Wasn’t the best part of going to school the field trips? From exploring museums to getting to eat somewhere other than the school cafeteria, field trips always gave us something to look forward to.

With many school systems across the country returning virtually, we know that school-sponsored field trips are on hold for the foreseeable future. However, with many employers also shifting to a “work from anywhere” mentality, parents can turn time off into rich hands-on learning experiences for themselves and their children.

Make your family vacation a family field trip and expand your children’s development beyond the classroom. Learn the legends of our mountain heritage, beautifully told through the generations of families that call Jackson County home. Our itinerary, developed by both local educators and students, is designed to help families make the most out of their “field trip.”

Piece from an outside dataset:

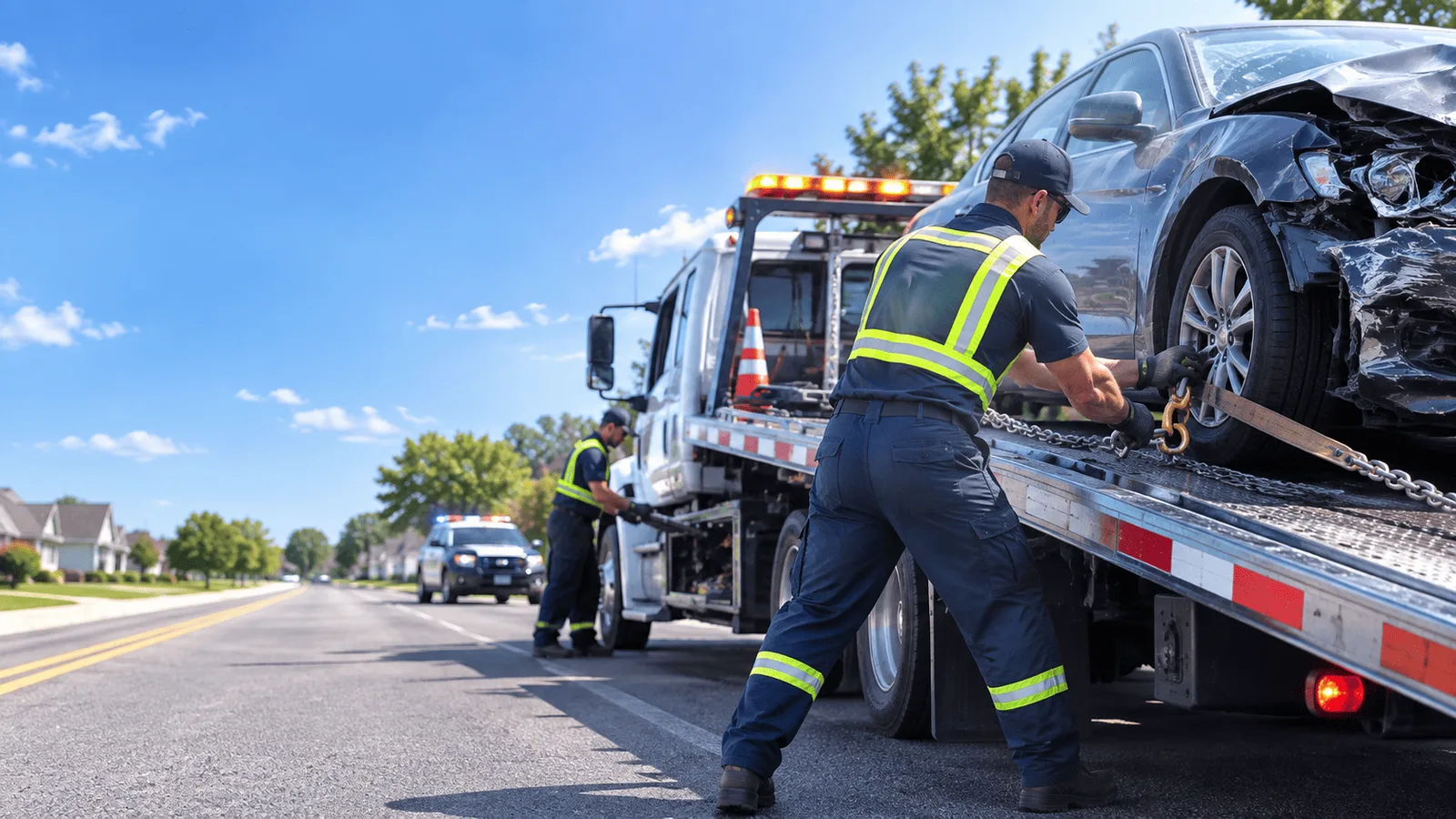Accident Towing Service in Harmony, ME near me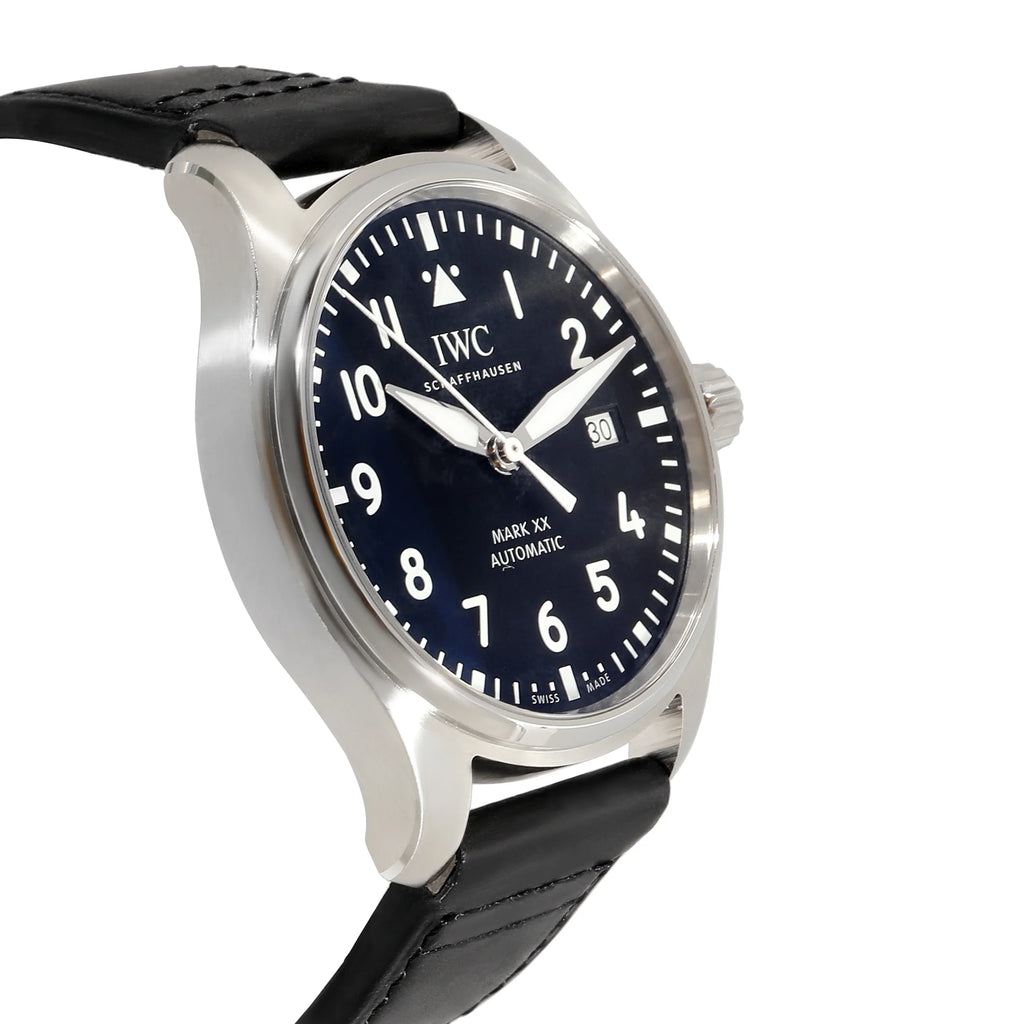 Stainless XX IW328201 Mark in Watch Steel Men's IWC Pre-Owned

Load the Activity Bus (or car): Jackson County’s location is only a few hour’s drive from the Southeast’s largest cities. Load up the family and take a road trip to our mountain towns. Our family-friendly accommodation prices are up to a fourth of the price of regional cities, and we have even more adventure to offer and enjoy.

Morning Meeting

While enjoying the abundant educational opportunities that our mountain towns of Cashiers, Cherokee, Dillsboro, and Sylva have to offer, we ask that all visitors continue to keep the safety of their family, and our residents top of mind. Please make sure to adhere to local and state regulations regarding masks, social distancing, and group gatherings, as these can change rather quickly.

Social Studies

Learn the History of the Eastern Band of the Cherokee Indian

The Oconaluftee Indian Village, located in Cherokee, transports visitors back to the 1760s. This transformational experience immerses you in authentic and rich culture, as you witness authentic demonstrations such as cultural dances, blowgun making, basket weaving, storytelling, and canoe building. From early June to mid-August, the Unto These Hills Drama takes center stage. This historical show traces the Cherokee people through the ages, from the zenith of their power through the momentous heartbreak of the Trail of Tears. Enjoy a day at the Oconaluftee Indian Village and follow it up with the Drama to tie it all together.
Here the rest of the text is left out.